3 Pancakes Problem 
You have 3 pancakes in a stack. 1 is burned on both sides, 1 burned on
  1 side, 1 burned on no sides. What is P(burned on other side — burned
  on the top)?

Intuition (which is always suspect in probability questions) tells me that the answer should be 1/2, as you only have 2 pancakes that are burned on 1 side, and of that 2, only 1 is both on both sides.  Googling tells me some ppl think it's 1/2, some think it's 2/3 (http://forums.xkcd.com/viewtopic.php?t=568)
I'm trying to apply Bayes rule to this problem but am finding it a bit tricky, can someone show me the working?
 A: If you are serevd a random pancake in a random orientation, then each of the burnt sides occurs with equal probability as top side. But in two out of these three cases, the other side is burnt as well, so the answer is $\frac 23$.
To argue with Bayes, note that $P(\text{burnt-top}|A)=0$, $P(\text{burnt-top}|B)=\frac12$, $P(\text{burnt-top}|C)=1$ where $A,B,C$ are the three pancakes.
If $P(A)=P(B)=P(C)=\frac13$, you obtain
$P(B|\text{burnt-top})=\frac13 $ and $P(C|\text{burnt-top})=\frac23 $ from Bayes:
$$ P(B|\text{burnt-top})=\frac{P(\text{burnt-top}|B)P(B)}{P(\text{burnt-top})}=\frac{P(\text{burnt-top}|B)P(B)}{(P(\text{burnt-top}|A)P(A)+P(\text{burnt-top}|B)P(B)+P(\text{burnt-top}|C)P(C))}=\frac{\frac12\cdot\frac13}{0+\frac16+\frac13}.$$
Since (given a burnt top) the distinction burnt vs. non-burnt bottom is precisely that between $C$ and $B$, the answer to the original question is - again - $\frac23$.
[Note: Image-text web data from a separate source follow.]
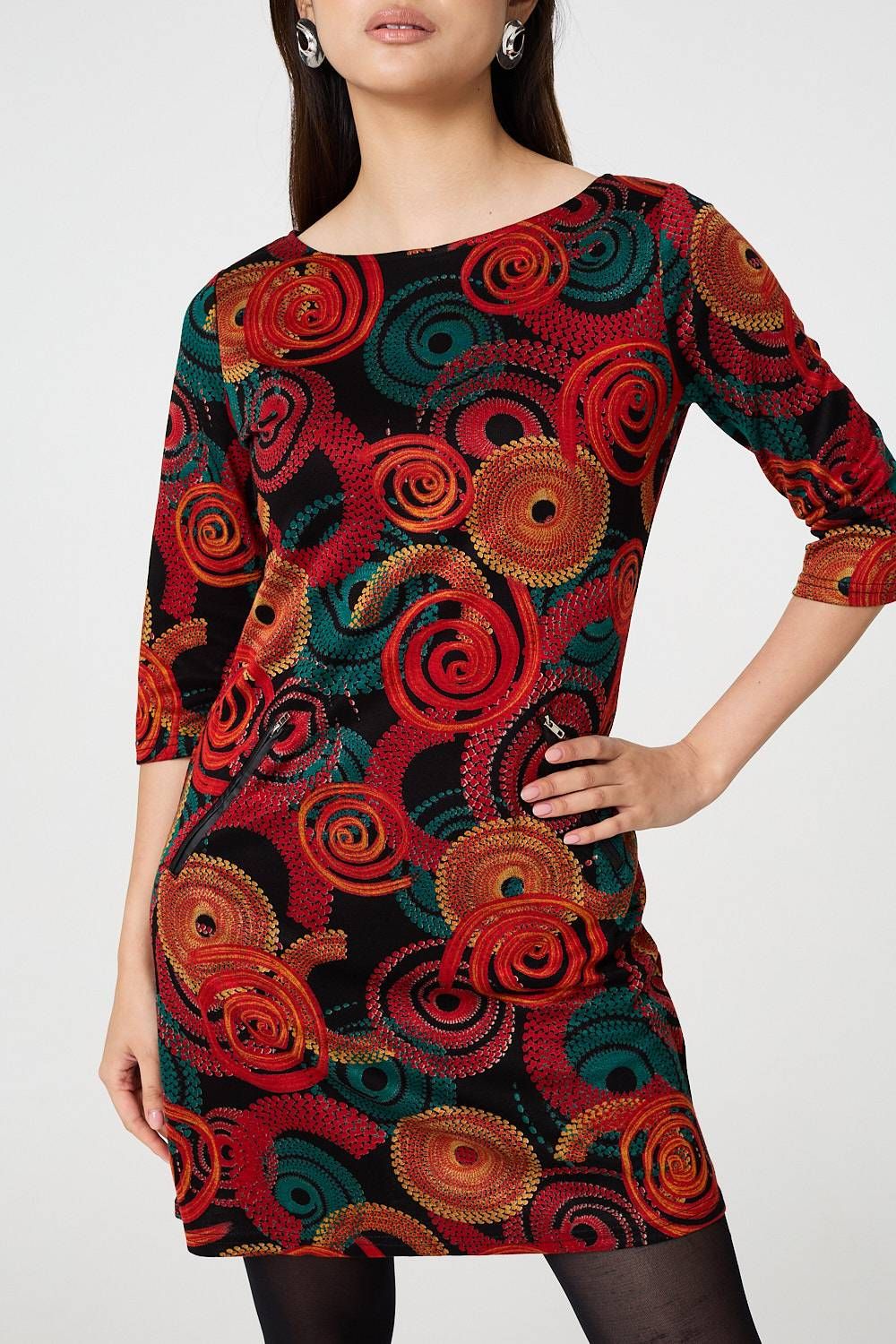 Izabel London Abstract 3/4 Sleeve Short Shift Dress
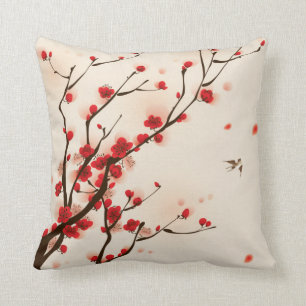 Asian Style Painting, Plum Blossom in Spring Cushion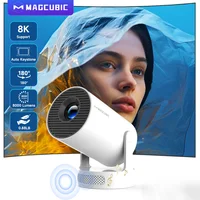 Magcubic 8K HY300 Pro + proyector con altavoz incorporado de 5W 1280*720P Android 14 8000 lúmenes Wifi6 BT5.4 proyector portátil para exteriores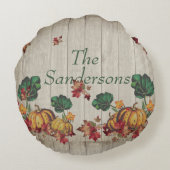 グレー素朴ウッドオータムオレンジカボチャ紅葉 ラウンドクッション (裏面)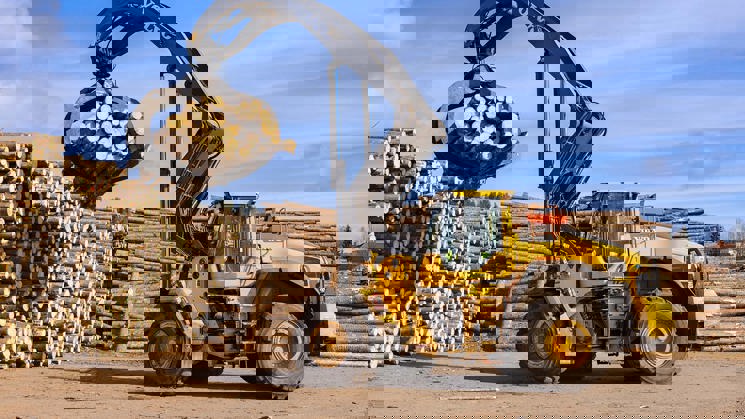 gul timmertruck på ett sågverk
A: There are six possibilities: Three pancakes, and seeing the one of either side of that pancake. Since you saw one side was burned, that narrows it down to three possibilities: You're seeing the burnt side of the black/white pancake, you're seeing one burnt side of the black/black pancake, or you're seeing the other burnt side of the black/black pancake. The probability is then $\frac{2}{3}$ that the other side is also black.